- TASK BRIEF -
Transcribe exactly the lines below that begin at the line with "サッカー審判　小物のサムネイル" and stop after the line with "Allpoints 266226 Hinge, Lift-Off", leaving out every picture.

- ENTRIES SHOWN -
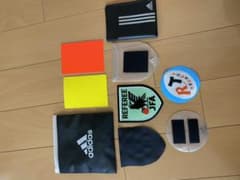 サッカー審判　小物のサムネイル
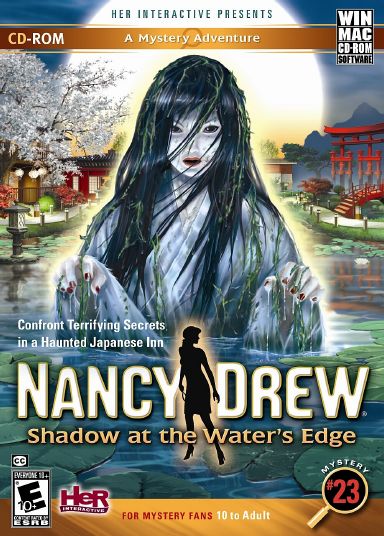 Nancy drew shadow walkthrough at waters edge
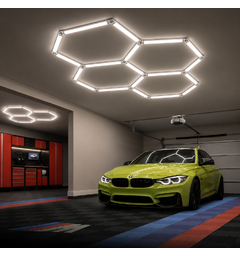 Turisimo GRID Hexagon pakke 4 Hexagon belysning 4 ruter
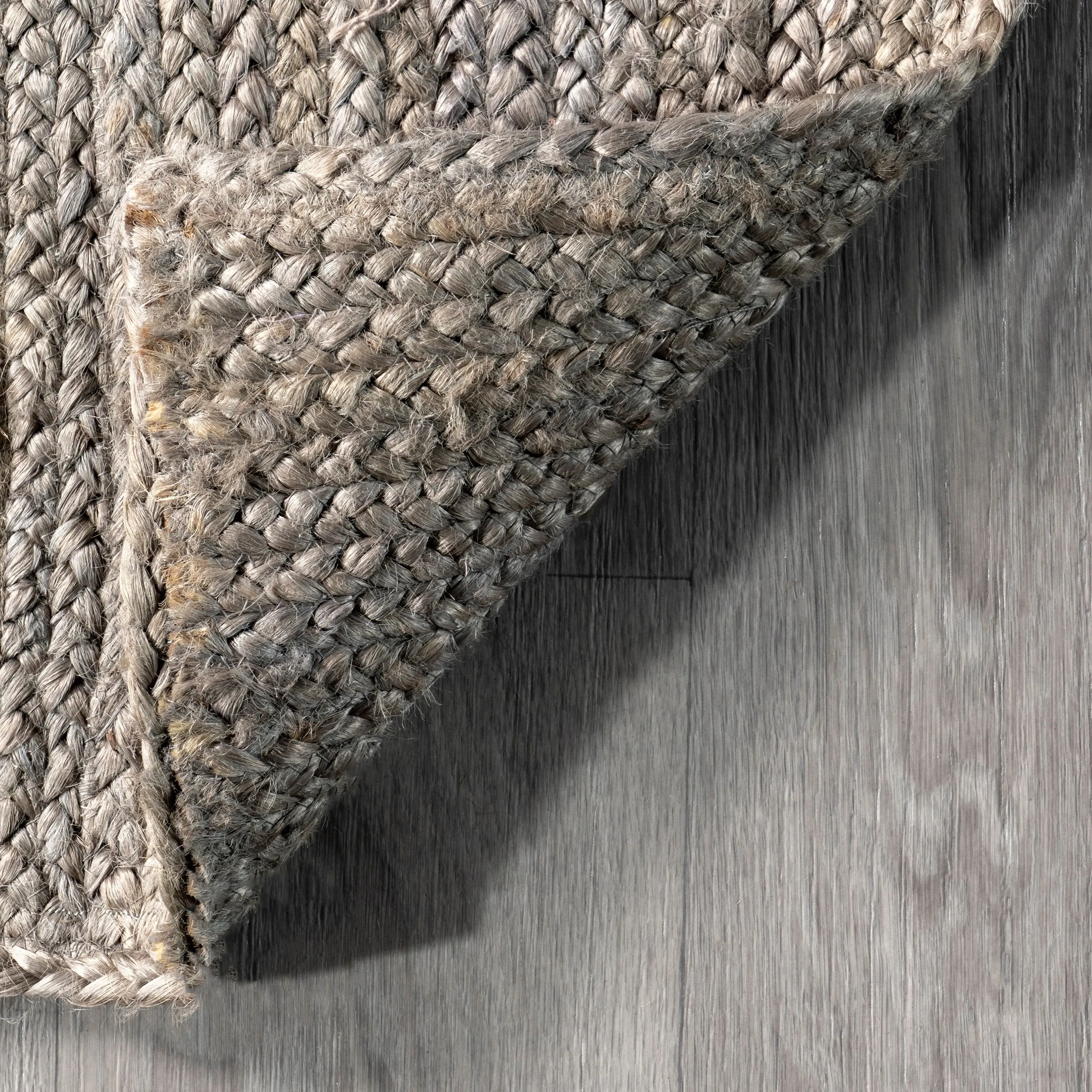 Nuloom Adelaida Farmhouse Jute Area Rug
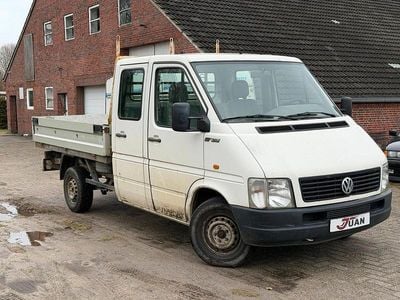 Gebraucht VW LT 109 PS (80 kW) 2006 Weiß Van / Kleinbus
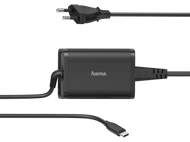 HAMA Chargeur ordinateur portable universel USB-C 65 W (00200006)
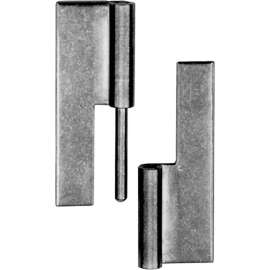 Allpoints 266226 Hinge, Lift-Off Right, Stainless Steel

...

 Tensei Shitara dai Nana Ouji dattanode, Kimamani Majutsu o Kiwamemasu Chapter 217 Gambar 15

- WRITTEN ANSWER -
 サッカー審判　小物のサムネイル
 Nancy drew shadow walkthrough at waters edge
 Turisimo GRID Hexagon pakke 4 Hexagon belysning 4 ruter
 Nuloom Adelaida Farmhouse Jute Area Rug
 Gebraucht VW LT 109 PS (80 kW) 2006 Weiß Van / Kleinbus
 HAMA Chargeur ordinateur portable universel USB-C 65 W (00200006)
 Allpoints 266226 Hinge, Lift-Off Right, Stainless Steel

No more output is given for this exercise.